[Date Prev][Date Next][Thread Prev][Thread Next][Date Index][Thread Index]
Re: [Qemu-devel] [PATCH] migration: Fix possible bug for migrate cancel
From: |
Gonglei (Arei) |
Subject: |
Re: [Qemu-devel] [PATCH] migration: Fix possible bug for migrate cancel |
Date: |
Tue, 25 Mar 2014 11:15:51 +0000 |
> -----Original Message-----
> From: Eric Blake [mailto:address@hidden
> Sent: Tuesday, March 25, 2014 12:01 AM
> To: Paolo Bonzini; Gonglei (Arei); address@hidden
> Cc: address@hidden; address@hidden; Yanqiangjun; Zhaoyanbin
> (A); Zengjunliang; address@hidden
> Subject: Re: [PATCH] migration: Fix possible bug for migrate cancel
>
> [adding libvirt]
>
> On 03/24/2014 09:47 AM, Paolo Bonzini wrote:
> > Il 24/03/2014 14:04, address@hidden ha scritto:
> >> From: zengjunliang <address@hidden>
> >>
> >> Return error for migrate cancel, when migration status is not
> >> MIG_STATE_SETUP or MIG_STATE_ACTIVE. Thus, libvirt can can
> >> perceive the operation fails.
> >>
> >> Signed-off-by: zengjunliang <address@hidden>
> >> Signed-off-by: Gonglei <address@hidden>
> >
> > I think this is done on purpose, because canceling migration is racy.
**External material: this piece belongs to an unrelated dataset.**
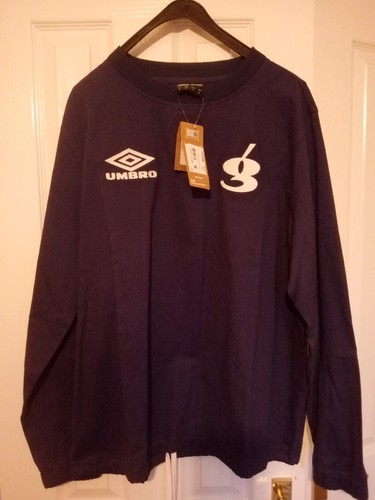 Umbro gio goi drill training - drill,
> > Instead, libvirt should do "query-migrate" and check if the migration
> > was completed or canceled.
>
> Can you please give more details at how you are triggering the problem
> with libvirt? I think Paolo is probably right - the bug is more likely
> to be in libvirt not expecting the race and not recovering correctly
> when the race occurs, than it is to be in changing qemu's state algorithm.
>
When the migration progress reaches 100%, and the migration status becomes
MIG_STATE_COMPLETED in Qemu.
It will take some time which from MIG_STATE_COMPLETED to the migration thread
resources are recovered.
If we cancel the migration at this moment, the migrate_fd_cancel function will
break directly without reporting
error code. Then, libvirt considers the cancle operation a success, contrary
facts.
Best regards,
-Gonglei